The user losses underscore challenges facing the Englewood, Colo.-based company from alternative providers such as Netflix, Hulu and Amazon.com. In February, Dish started Sling TV, an online streaming service offering 20 channels of live programs and sports for $20 a month aimed at younger viewers.
Dish co-founder and Chief Executive Officer Charlie Ergen created Sling TV's "skinny bundle" as a response to the decline in subscribers willing to pay for a full-package of channels. While Dish didn't disclose subscriber numbers for the service, Ergen said on a conference call with analysts that he was encouraged by what he's seen.
"We're excited about where
it's going to go, and I think it's going to be meaningful revenue," Ergen said.
Roger Lynch, CEO of Sling TV, said the service is popular with people who don't have cable and to a smaller degree people who have pay-TV at home and want supplemental service on their mobile device.

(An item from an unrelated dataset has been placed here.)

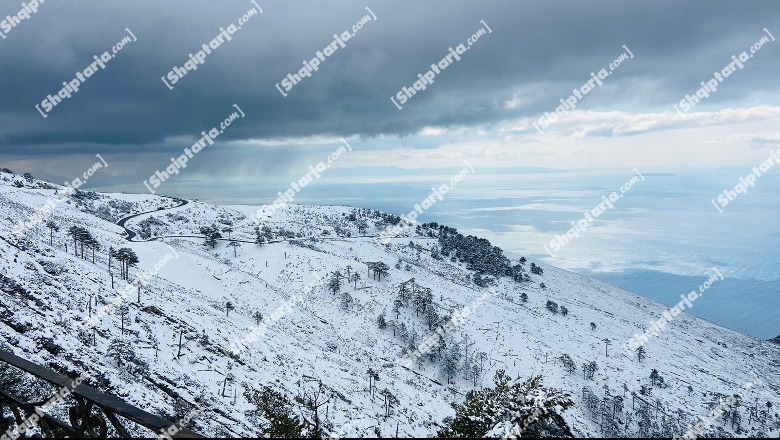 Llogaraja pamje mahnitëse, bora arrin 15 cm, por braktiset nga pushuesit! Pronarët e bizneseve: S'ka njerëz se është rritur çmimi i naftës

While live TV is the main feature of Sling, a majority of viewers are watching video on demand, Lynch said on the call.
Under Ergen, Dish has amassed an estimated $50 billion worth of airwaves, though not without controversy. Ergen is under pressure to deliver a broader strategy that best suits the company's spectrum holdings and mobile TV ambitions.
Auctions are a "core skill" at Dish, Ergen said on the call. He expects to participate at a high level in the proposed 600-megahertz incentive auction coming as early as next year, he said.
Dish needs to build a network or in some way use an existing network to put its airwaves to use. The company was outbid by SoftBank Corp. two years ago when it tried to buy Sprint Corp. Since then Ergen has said he's interested in T-Mobile US Inc. and has talked to Deutsche Telekom AG, which owns about two-thirds of the No. 4 U.S. wireless carrier.
Still, without phone or Internet service, Dish can't compete head-to-head with cable or phone providers that offer bigger packages of services.
"Dish is a one-trick pony, which is why Charlie Ergen has placed a big bet on wireless spectrum," said Paul Sweeney, an analyst with Bloomberg Intelligence.